One hundred dollar online shopping haul. Amazon storefront. Summer essentials. As I scroll through my Instagram or TikTok feeds, these phrases pop up repeatedly. Video after video of mass consumption leaves me looking at my closet in dismay and yearning for more. But do I really need that flower-shaped hair clip? Will I really wear those pink, checkered pants again? The internet has amplified people’s desire to be “trendy,” causing many to over consume and shop irresponsibly. Shopping for staple pieces of clothing that are high in quality and timeless in style is not only better for the environment but also better for your bank account.
Fast fashion stores are online brands that sell clothes that keep up with current styles for low prices. Stores such as H&M, Urban Outfitters and Victoria’s Secret are most likely to be found at your local mall. Most recently, Shein has gained immense popularity on social media and is now the second-biggest online apparel retailer, trailing behind Macy’s. Although at first it may seem like a bargain on a shirt, the effects of these purchases are detrimental.
The clothing industry as a whole is known to have a gigantic carbon footprint and water use requirement. But fast fashion brands specifically are exacerbating the negative impact on the environment. Plastic is an endemic problem to fast fashion brands, which often use synthetic fibers such as polyester, nylon, acrylic and elastane, which are all made from fossil fuels. The textile sector accounts for 15 percent of total plastic use according to the United States Environmental Protection Agency. Only 0.5 percent of Shein’s clothes are made from recycled content according to EthicalConsumer.org. The fashion industry produces an estimated 92 million tons of textile waste annually according to Earth.org, a number which has skyrocketed in recent decades due to the poor quality and high consumption of fast fashion. Some of this waste never reaches the consumer, as brands have to throw the clothes away to make room for the latest trends.

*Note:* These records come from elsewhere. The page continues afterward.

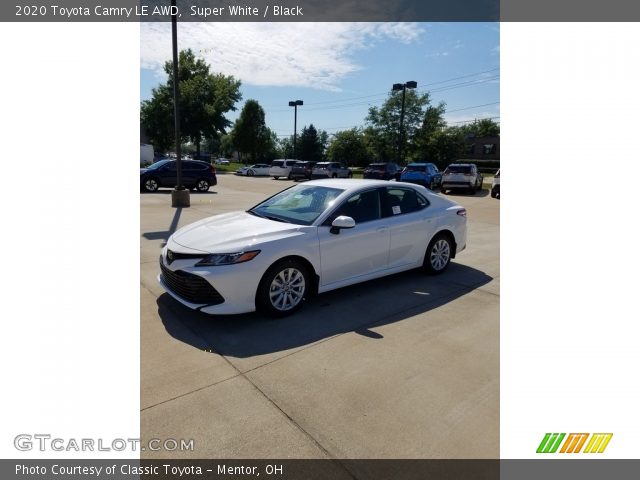 2020 Toyota Camry LE AWD in Super White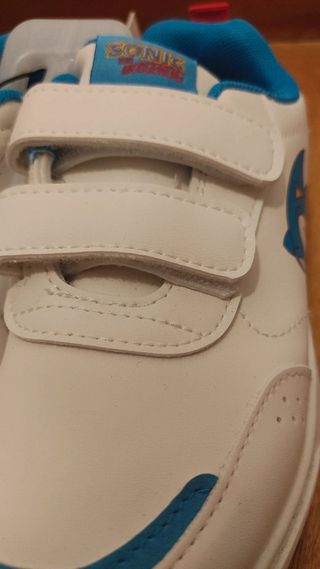 Deportivas SONIC infantiles nuevas sin estrenar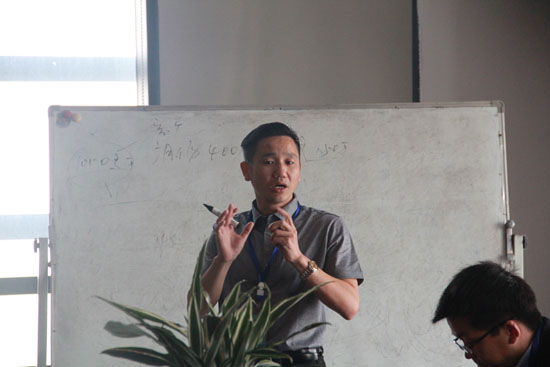 俞總強調高效溝通的重要性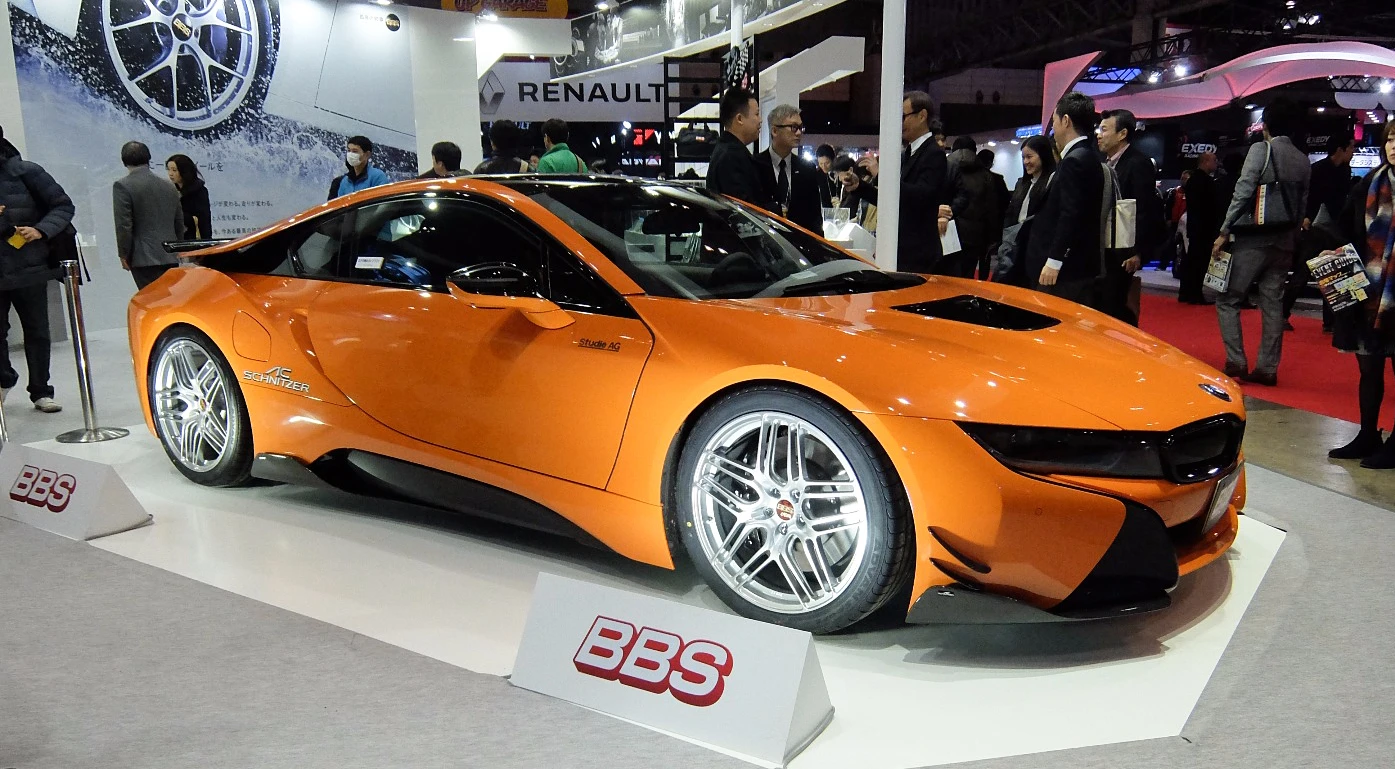 One of three examples of the BMW i8 we spotted at the show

One way fast fashion brands guarantee low prices is to keep their wages low. Workers are exploited in countries with low labor standards, working in abusive sweatshops. The fast fashion business model requires employees to work long hours to produce inventory at a rapid rate. According to The True Cost, an estimated 2 percent of workers in the fashion industry are earning a livable salary. Kids, who are inherently caught in this cycle of poverty, are particularly compelled to work in these factories; according to a survey by The Guardian on garment mills in India, 60 percent of employees were under the age of 18 when they started working.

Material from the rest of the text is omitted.